▶ [YOUR OBJECTIVE]
Repeat the listing below word for word, stopping after the line that contains "One pair lash".
####################
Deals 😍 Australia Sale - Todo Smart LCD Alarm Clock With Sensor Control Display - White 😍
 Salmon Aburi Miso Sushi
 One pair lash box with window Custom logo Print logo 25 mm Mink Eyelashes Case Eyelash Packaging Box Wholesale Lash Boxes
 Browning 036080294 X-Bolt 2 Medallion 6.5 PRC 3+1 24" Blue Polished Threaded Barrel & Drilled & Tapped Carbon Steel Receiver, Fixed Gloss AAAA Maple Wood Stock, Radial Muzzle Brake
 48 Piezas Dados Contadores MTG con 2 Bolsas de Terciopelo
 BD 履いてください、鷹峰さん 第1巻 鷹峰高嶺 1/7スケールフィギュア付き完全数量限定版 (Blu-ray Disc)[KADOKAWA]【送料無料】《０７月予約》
####################
▶ [WRITTEN SOLUTION]
Deals 😍 Australia Sale - Todo Smart LCD Alarm Clock With Sensor Control Display - White 😍
 Salmon Aburi Miso Sushi
 One pair lash box with window Custom logo Print logo 25 mm Mink Eyelashes Case Eyelash Packaging Box Wholesale Lash Boxes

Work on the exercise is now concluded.